Professors Fisk and Salzman honored with distinguished professorships

April 27, 2007Duke Law News

Duke Law Professors Catherine Fisk and James Salzman have been named to distinguished professorships. Catherine Fisk was named the Douglas Blount Maggs Professor of Law, and Jim Salzman was named the Samuel F. Mordecai Professor of Law. Duke University President Richard H. Brodhead announced the chairs on April 25.

Brodhead called Fisk, who joined the Duke faculty in 2004, “one of the most respected, creative, and thoughtful scholars in the field of labor and employment law. Much of her scholarship focuses on the intersection of intellectual property law and labor law, specifically the rights of employees to own their inventions and creative work. “A truly interdisciplinary scholar, her history of the evolution of employer ownership of the creative work product of employees, which is based on a mountain of company archives, has been applauded by historians as path breaking,” said Brodhead. “She has done fascinating and important work on attribution rights, that is, when an individual is entitled to credit, or attribution, for an idea used by another. Her expertise in labor and employment law has also led her to the subject of workplace regulation of appearance, make-up, and dress, where she has also made important contributions.” Fisk who has also taught at the University of Southern California Law School and Loyola Law School of Los Angeles, also writes frequently on labor issues “related to workers on the lowest rung of society, including janitors and immigrants, and has frequently been engaged in pro bono representation on behalf of these groups,” said Brodhead. Active in a number of national working groups and associations, Fisk was recently elected a Trustee of the Law & Society Association.

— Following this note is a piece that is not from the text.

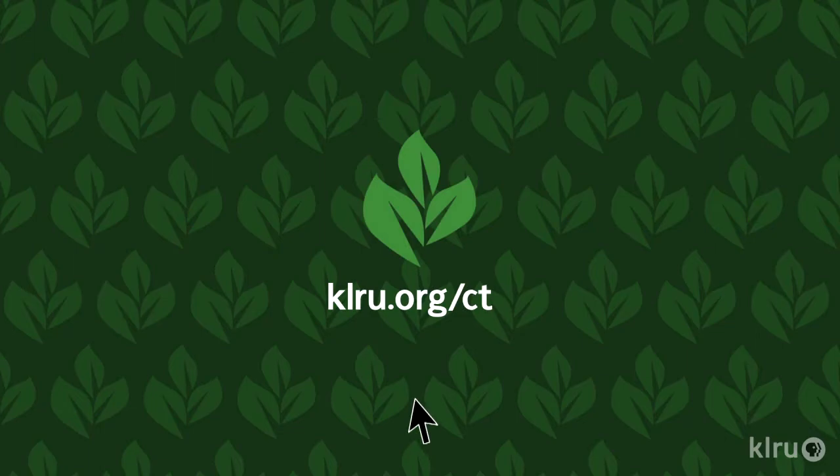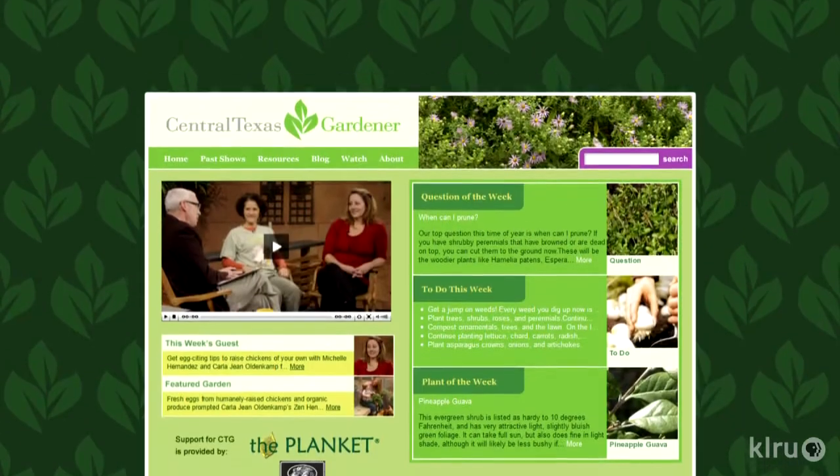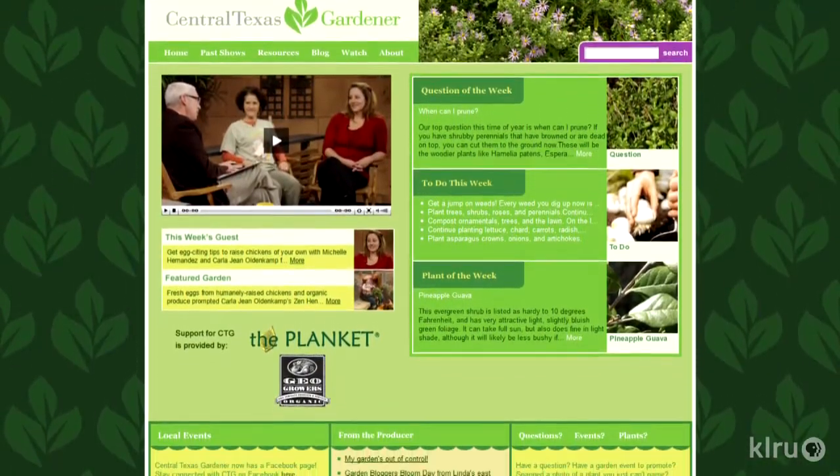To do this week: collect seeds from your spring flowers if the seed heads are brown. We'd love to hear from you. Please visit klru.org/ctg to send us your questions or a plant of the week from your garden.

Salzman, who has a joint appointment in the Nicholas School of the Environment and Earth Sciences, is one of the leading scholars in environmental law today, said Brodhead. “He is best known for his pioneering work advancing understanding of the opportunities and problems in harnessing market-mechanisms, initially developed in the context of air pollution, to the natural resources context. His work explores various tensions in systems for trading the right to damage ecosystems in one context for ameliorative measures elsewhere.

“Professor Salzman has also written important work about the failure of environmental law to keep up with the changing sectoral mix of the economy, wetlands mitigation banking, the systemic problems created by the accretion of command and control regulations in the environmental regulation context, and issues of trade law and policy raised by eco-labeling programs,” said Brodhead. Salzman’s casebook on international environmental law, now in its third edition, is the leading text in the field and is now being used at more than 140 law schools. Salzman came to the Duke faculty in 2004, from The Washington College of Law at American University.

“Both of these colleagues are exceptionally deserving of distinguished professorships,” said Dean Katharine T. Bartlett. “They are leaders in their respective fields and, as it happens, both of them are highly interdisciplinary. I am proud of the recognition they have received.”

Fisk and Salzman are popular in the classroom, and students have recently honored both with teaching awards. The Duke Bar Association recognized Fisk with its Distinguished Teaching Award for the 2006-2007 academic year. Salzman received the “Oustanding Faculty of the Year” Award for 2006-2007 from students at the Nicholas School for the Environment and Earth Sciences.